Yazılarımda zaman zaman aşırı sağın yükselişine ilişkin tespitlere de yer veriyorum. “Aşırı sağ-ekonomi ilişkisi”ne fazla bir anlam yüklemenin yanlış olduğuna ve bunun konuyu sığ sulara hapsetmekten başka bir işe yaramadığına dikkat çekmeye çalışıyorum. Yine de konuya ilişkin okuduğum birçok makale, yüksek lisans tezi ya da röportajda konu dönüyor dolaşıyor “ekonomik kriz ya da buhran” fenomeninde kilitleniyor.

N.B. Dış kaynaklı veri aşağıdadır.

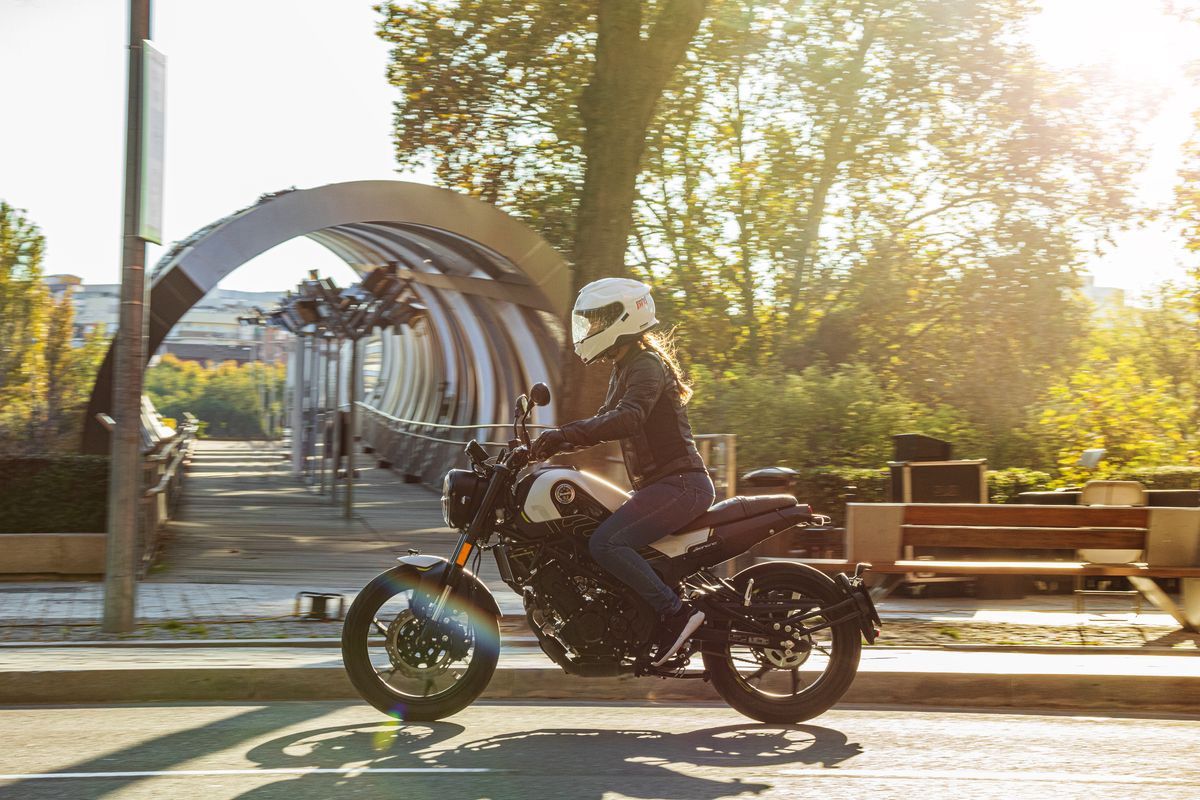 moto en carretera 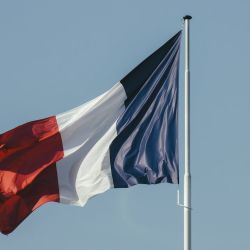 frontalier est-il possible de reprendre une entreprise ou un cabinet medical en suisse 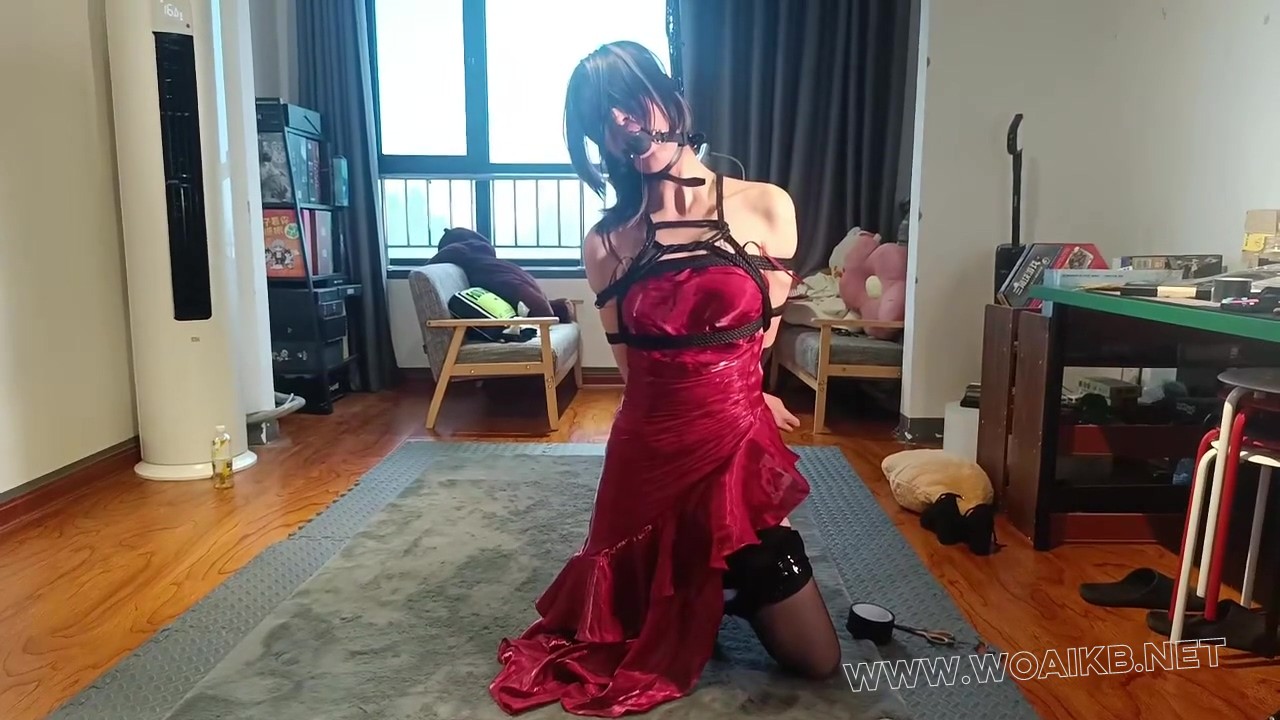 侑子姐姐的单人小狗调教，在外高冷御姐美女 背地里是大反差小狗 丝袜塞嘴 胶带贴眼 预览图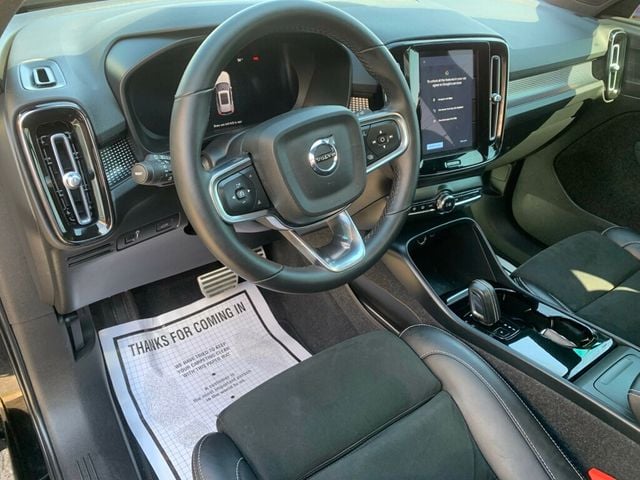 2022 Volvo XC40 Recharge Pure Electric P8 eAWD Twin - 22932056 - 5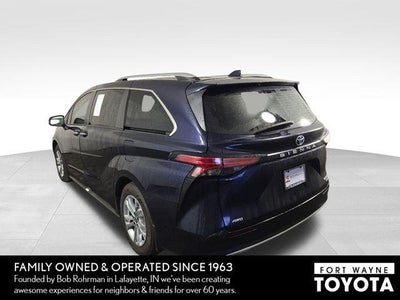 2024 Toyota Sienna Platinum 7 Passenger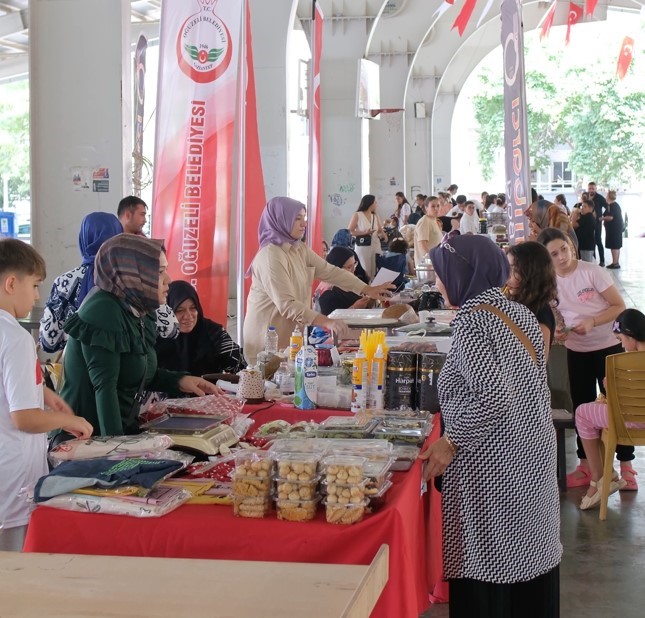 Üreten Kadınlar Çarşısı kapılarını açtı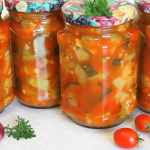 Кабачки в томатному соусі на зиму — улюблений рецепт за мінімум клопоту!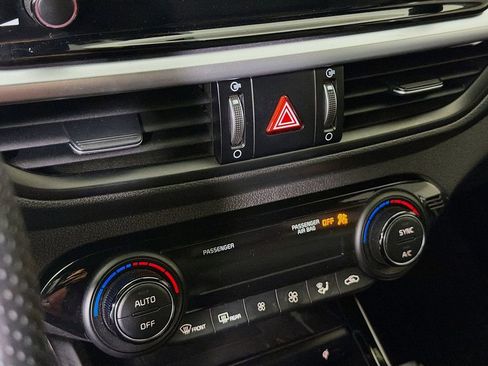 Used 2022 Kia Forte GT image 19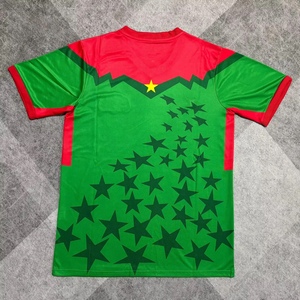 เสื้อฟุตบอลเบอร์กินาฟาโซ 2526 เบร์ทรันด์ ตราอเร่ และ กุสตาโว ซังการ์ เสื้อแขนสั้นแห้งเร็ว ระบายอากาศดี ออกแบบโดยเบอร์กินาฟาโซ - Product Image 6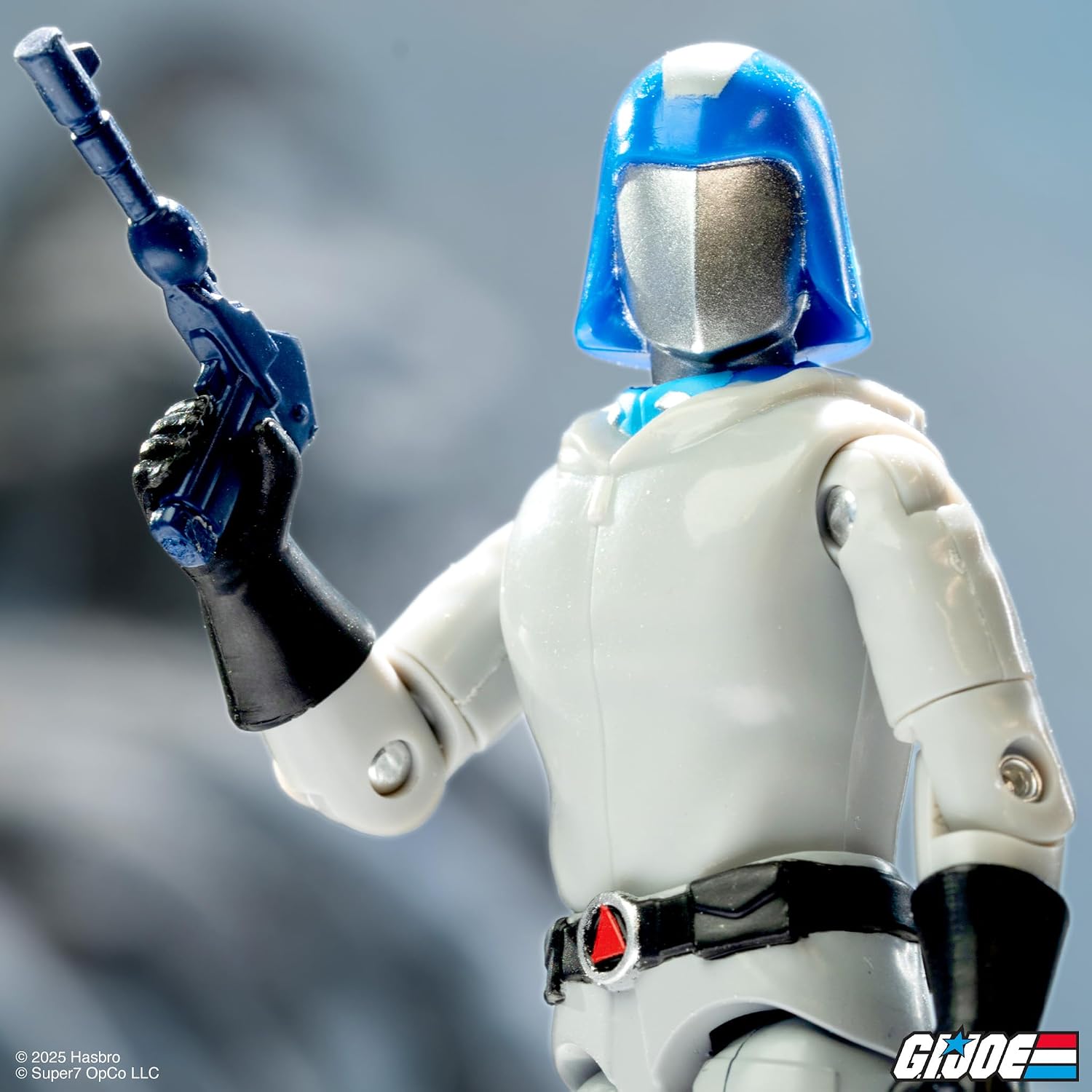 FIGURA DE ACCIÓN SUPER7 G.I. JOE REACTION+ ARCTIC COBRA COMMANDER ESCALA 3.75 PULGADAS - 3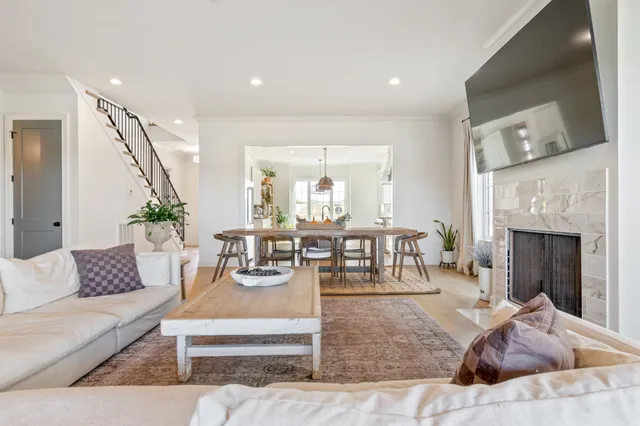 $875,000 | 107 Cardiff Drive, Thompson's Station, TN 37179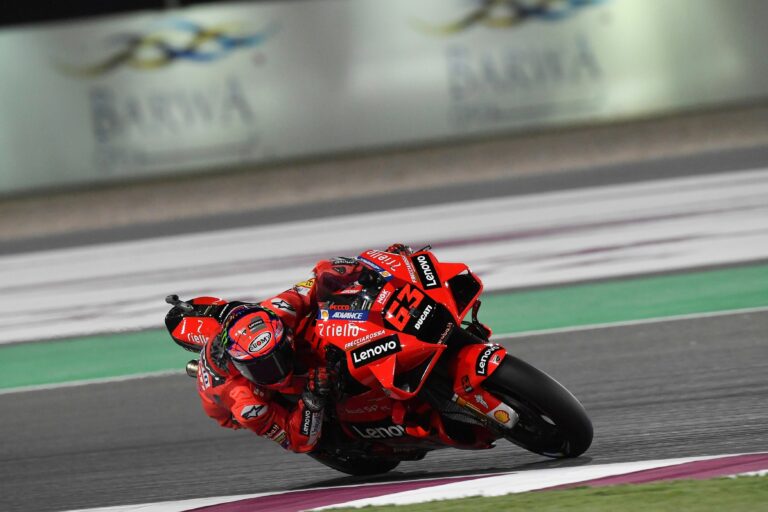 Bagnaia se lleva la primera pole de MotoGP 2021 en Qatar
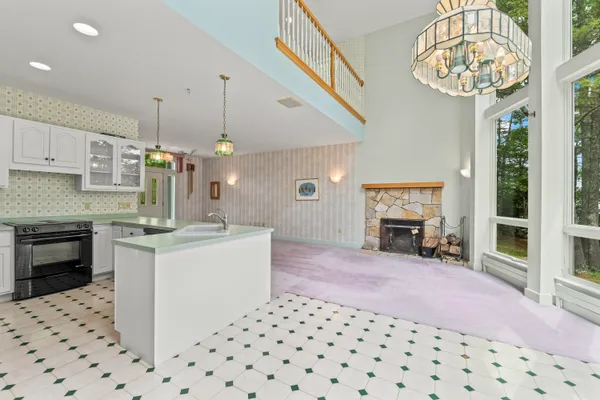 $649,000 | 73 Hodsdon Lane, Jefferson, ME 04348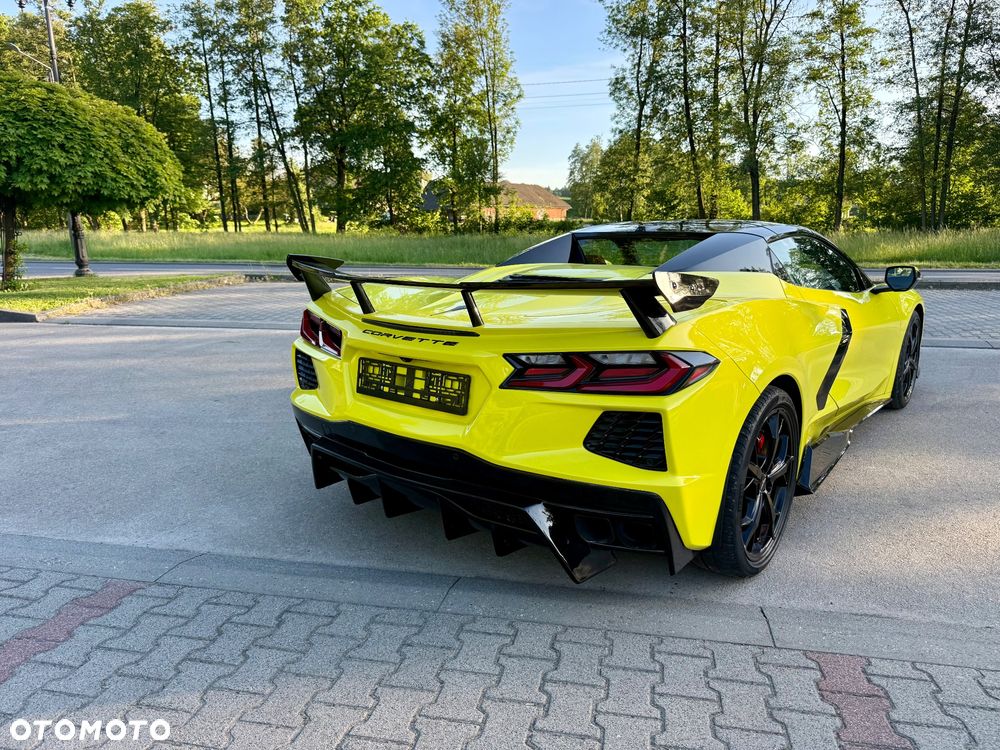 Chevrolet Corvette - 23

O zaman yazımızı üzerine bina edeceğimiz sorumuzla başlayalım. Doğrudur, Yunanistan gibi ekonomik krizlerden derin bir şekilde etkilenen ülkelerde aşırı sağ, kayda değer ilerlemeler göstermiştir. Peki krizlerin negatif etkisinin pek yansımadığı, işsizlik oranlarının çok düşük olduğu ve pozitif makro ekonomik değerlere sahip Almanya, Avusturya, İsviçre ya da Danimarka gibi ülkelerde ırkçılık neden ivmeleniyor? Bu bize ekonomik sıkıntıların aşırı sağın yükselişinde tek başına bir şey ifade etmediğini gösteriyor. Zira neofaşist partiler, özellikle ekonomisi beş yıldızlı ülkelerin siyasetinde daha yüksek performans sergiliyor. Ekonomisi “AAA” olan bu ülkelerin bir kaçının nüfusunun da görece homojen olduğunu söylemeden geçmeyelim. Örneğin, “beyaz adamın kültürü tehdit altında” kaygısı, ırksal tanımlarla kolaj yapıldığında fazla değil bundan birkaç yıl öncesine kadar “etnik milliyetçilik” denilince tüylerin diken diken olduğu Danimarka’da bile faşistler için geniş siyasal alanlar yaratabiliyor.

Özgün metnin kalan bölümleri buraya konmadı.